Unfortunately, labor markets vary widely and charge markedly over time. A generation ago, it was fairly easy to guess what a middle class person in Detroit did for a living. Today, not so much. What does this mean for early childhood education? That’s because it’s inconsistent over time. That’s not necessarily a bad thing, but it further confounds an issue that is already insanely complex. After all, education funding isn’t only inconsistent between states, it’s also inconsistent inside the large majority of states, which often, but not always, decide how much money to put into essential programs year by year. When funding for public education is subject to the whims of profit and the economy kids are the ones who suffer most.
“There hasn’t been a coherent and intentional way of saying, this is a thing that a lot of parents need,” says Dancy. “We should set it up intentionally to make sure that people have access to the care that they want and that the care is high quality, instead of fragmentary initiatives on the parts of a bunch of different factors.”
Consider such federal programs as Head Start, which pours about $7 billion dollars a year into early childhood education, exclusively focus on providing access to kids who are far below the poverty line or have special needs. “Head Start is provided to low-income children in order that they might have access to care. That’s usually funded through contracts with providers from the federal government,” says Dancy. It’s one of the only big federal programs that helps fund early childhood education. The rest is usually done on a state level.
Of the very few states that provide state-level funding or match funds with federal dollars for children of all incomes, the large portion of that is done through annual budgetary appropriations, where lawmakers get together and decide how much money of the budget they will move to early education, based on budget surplus and money in the coffers. Educational need is not part of the math.
A good portion of these budgetary appropriations are done through block-grants, or sums of money that are allocated each year en masse. They are used in several different ways, including subsidizing education costs to kids. These are utilized by states like Illinois, Kansas, Texas, and more, are occasionally used in conjunction with other types of funding. Over half of local pre-school funding is through what is known as “capped grants,” a type of block grant, that is also not need-based for public preschools. This creates real hazards. The state of Kansas fell short nearly two million dollars in block grant funding from 2015 to 2017.
Where early childhood education programs aren’t funded through block grants, they are often funded through taxes, like “sin” taxes — on beer or cigarettes — and property taxes.

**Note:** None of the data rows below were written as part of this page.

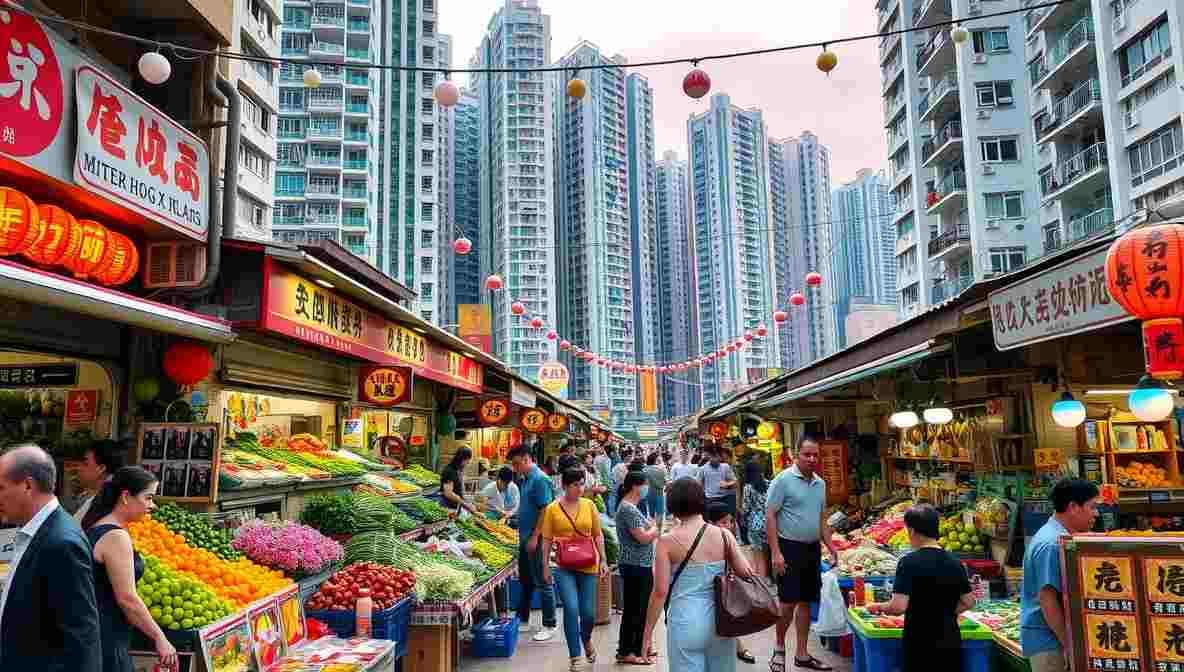 Private Capital Is Circling Hong Kong Property Again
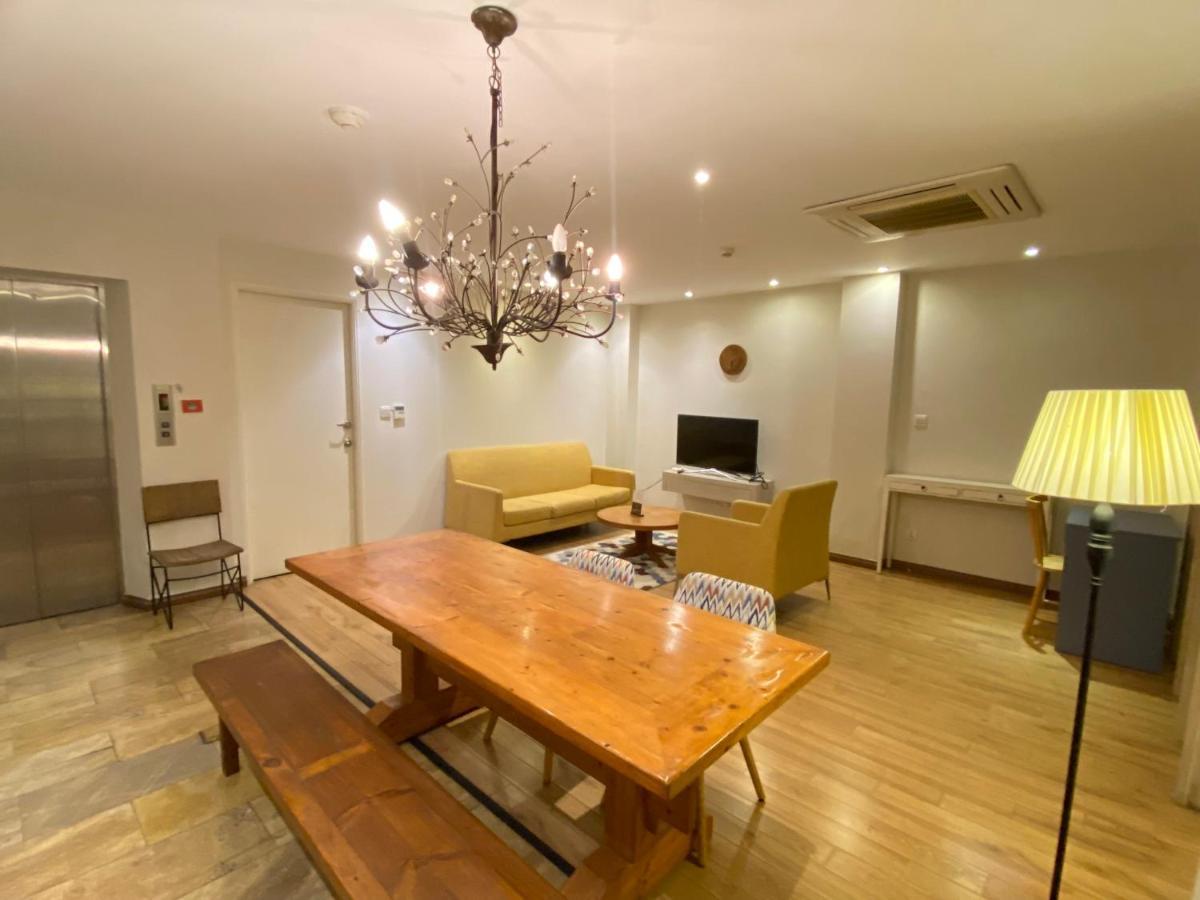 مدينة هوشي منه The Palmian City Center Serviced Apartment المظهر الخارجي الصورة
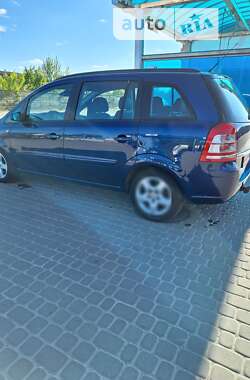 Мінівен Opel Zafira 2008 в Березному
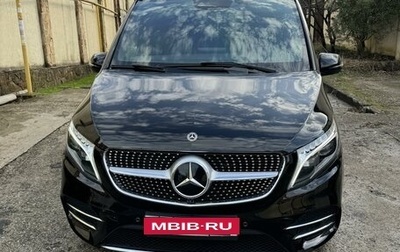 Mercedes-Benz V-Класс, 2019 год, 7 599 999 рублей, 1 фотография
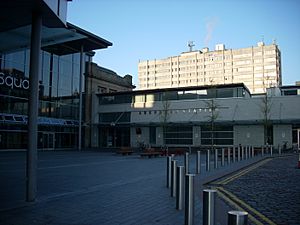 Aberdeen Station Plaza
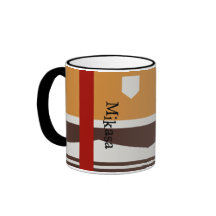 Attack on Titan Inspired Mug, Mikasa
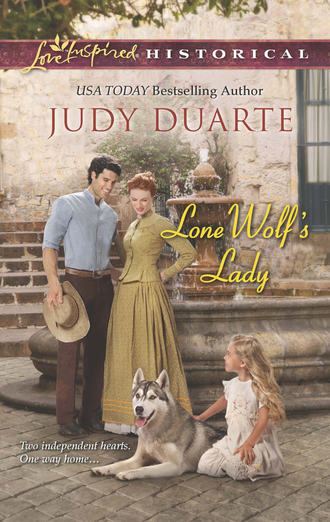 Judy  Duarte. Lone Wolf's Lady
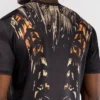 Venum Tiger Men's Black Dry-Tech T-Shirt Venum Tiger Men's Dry-Tech T-Shirt in black color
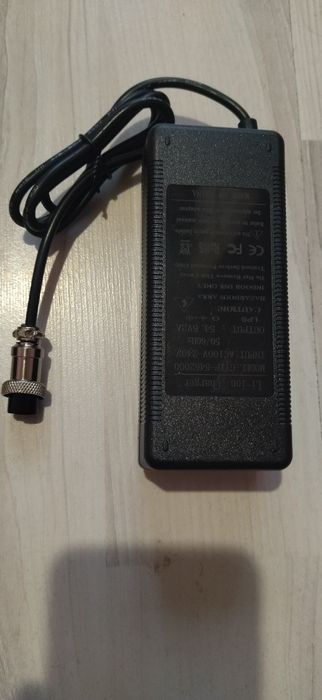 Nou‼️ Încărcător 48v(54,6v 2a)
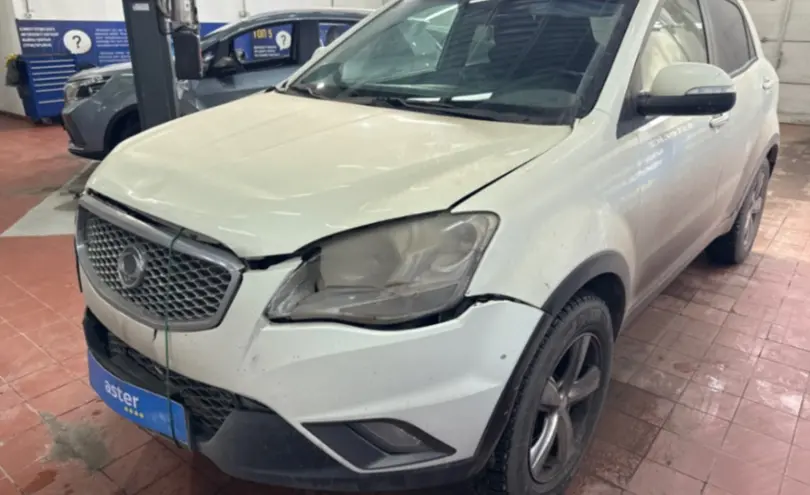 SsangYong Actyon 2013 года за 4 500 000 тг. в Астана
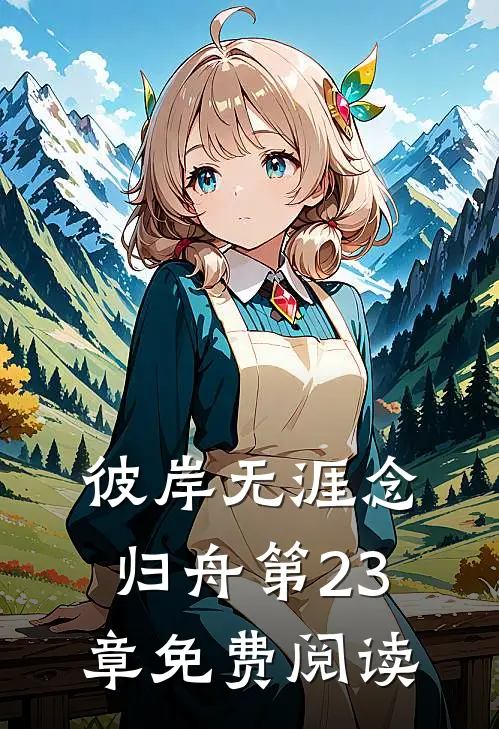 彼岸无涯念归舟第23章免费阅读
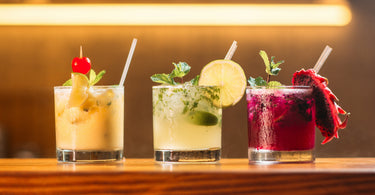 Finish Dry January Strong with These Delicious Mocktails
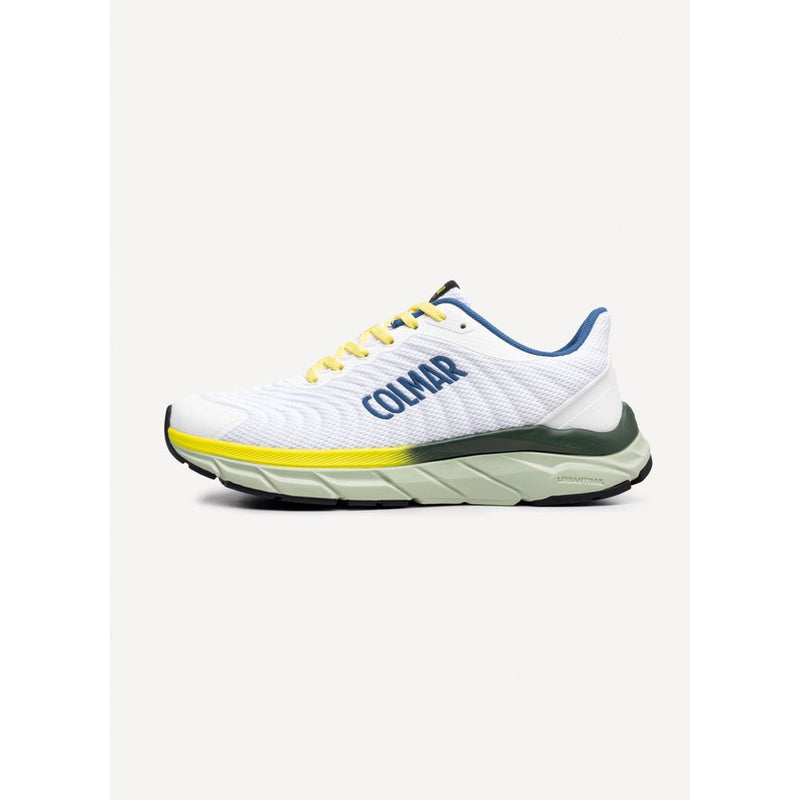 Colmar Multicolor Polyester Athletic Sneakers for Men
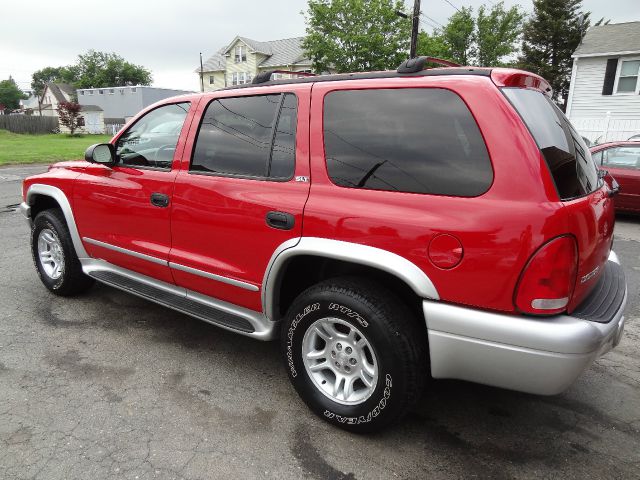 2002 Dodge Durango 131852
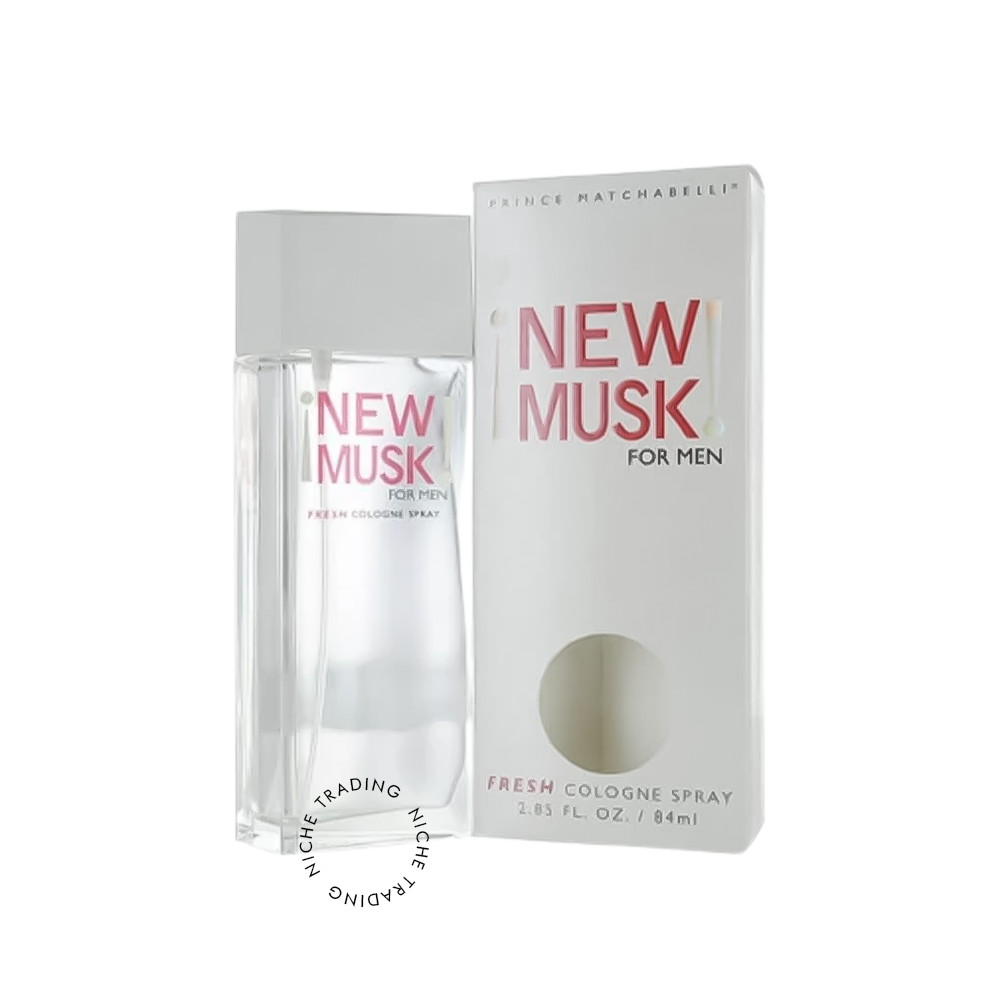 Prince Matchabelli New Musk for Men 84ml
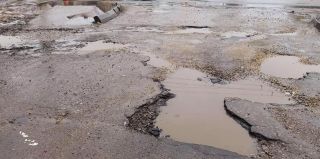 В какой области Беларуси больше всего ям на дорогах? А меньше?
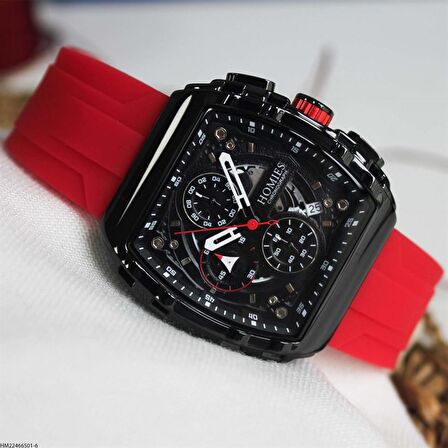 Homies HM22466S01-6 Chronograph Erkek Kol Saati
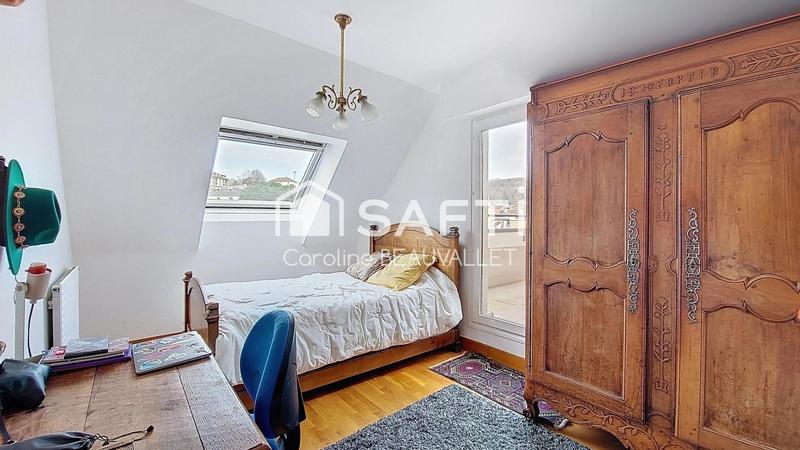 Appartement - 83 m² - 4 pièces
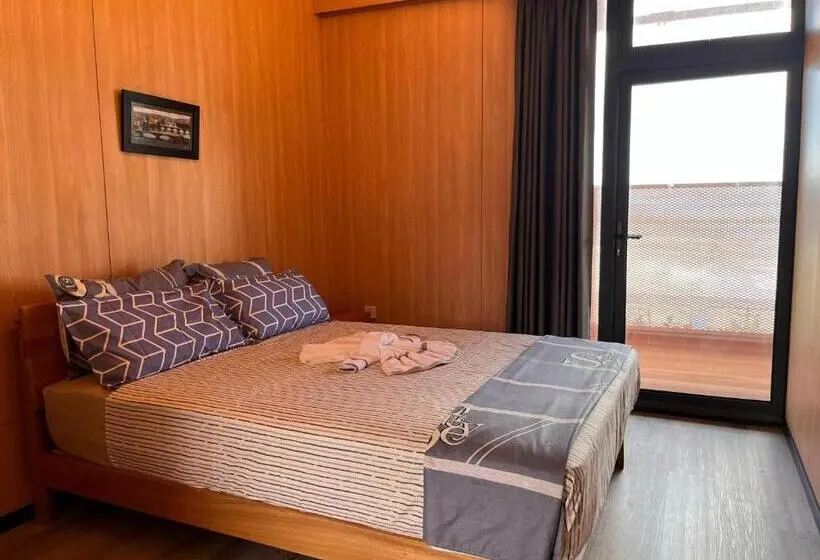 اتاق استاندارد با بالکن, Calypso Hotel Nevis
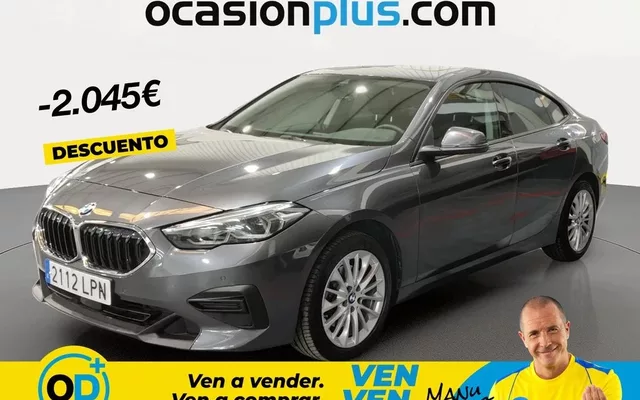 BMW Serie 2 218i Gran Coupé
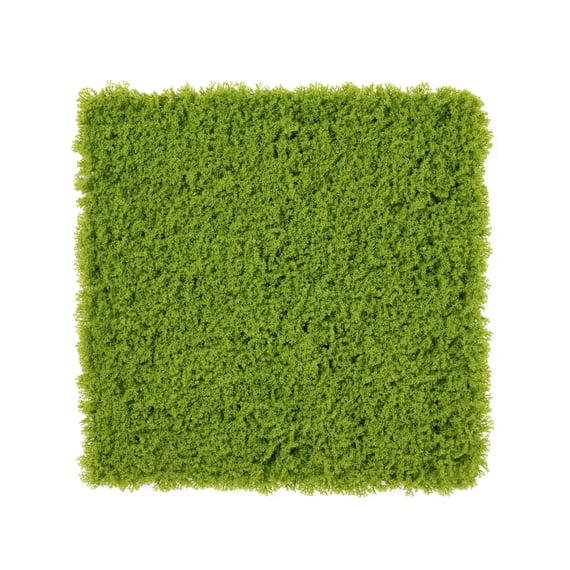 50x50cm Artificial Living Wall Moss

Funding for pre-kindergarten has naturally grown to be a patchwork of laws that provided more coverage over time, as more households shifted from a single breadwinner to two working parents.
“The response to that has come in different pieces,” says Dancy. “The federal angle has typically been about access for low-income children. There’s still a lot of pressure for middle-income families in terms of paying for this huge expense.” This leads a lot of middle-income earners to weigh whether or not it’s worth it to have one parent become a stay-at-home child rearer. “That is a question that a lot of families struggle with.”
That shift has been gradual and state governments have been slow to fill that gap. As a result, parents, regardless of their work schedules, are left with few options. The fortunate few live in cities and neighborhoods that provide universal or near-universal programs. But for people who don’t have access to subsidized grants or universal pre-kindergarten and can’t pay for private pre-school — a considerable number of parents — there’s no clear solution to the problem. Choices get tough. And there’s no wonder as to why. The system, such as it is, was created to stabilize labor markets and serve employers. It wasn’t created for parents — much less kids.